If we step back from currency pundits, stop trying to see round corners, and channel our efforts into some effective financial planning instead, we can gain more clarity.
If you live in France, yet have significant money in sterling, it might be better to take the long-term view. When doing so, it makes sense to protect your capital from the downside by ensuring you have enough euros to live on.
This means really sitting down and taking the time to do some calculations and projections. What are you sure you will need over the next few years? What might you need in the event of unknown emergencies/unexpected expenditures over the next few years? What is a comfortable/ possible length of time to cover? If you are not confident doing this yourself, engage a financial professional to help you.
Several years of forward income (or sufficient to merely supplement your income) in euros may only be a small portion of your overall capital, yet such a buffer allows you to tolerate sterling weakening, without it affecting your own planning or level of anxiety.
Should sterling strengthen in the shorter term, you still have most of your money in that currency, so have not lost much by protecting your savings from the uncertain outlook.

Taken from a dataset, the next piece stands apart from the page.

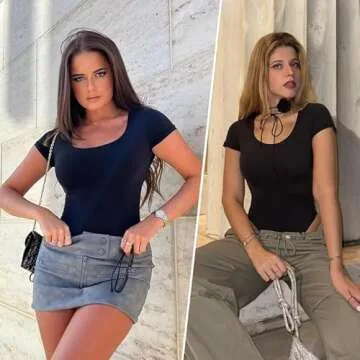 SHAPERX Women's Soft Scoop Neck Bodysuit for All Occasions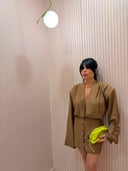 Dress Madame in lino beige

What this enables you to do is watch currency movements as a spectator, not as someone caught up in the thick of it and anxiously glued to updates. If you know that you have, for example, five years of forward income and an emergency fund in the currency in which you live, do the inevitable short-term currency movements matter to you?
We have come across some people who feel very uneasy about such a strategy, even though they know deep down it is completely logical.
“But this is the way I have always done it,” they will cry, as confirmation bias kicks in (our brains are wired to dismiss data/counsel that conflicts with our strongly set beliefs).
Taking yourself out of play can also cause significant fear of missing out, not least because it provides few opportunities to brag about currency ‘strategy’ to friends, family and neighbours. However, this is a small price to pay because when it comes to winning at exchange rates, the best advice is simply not to play.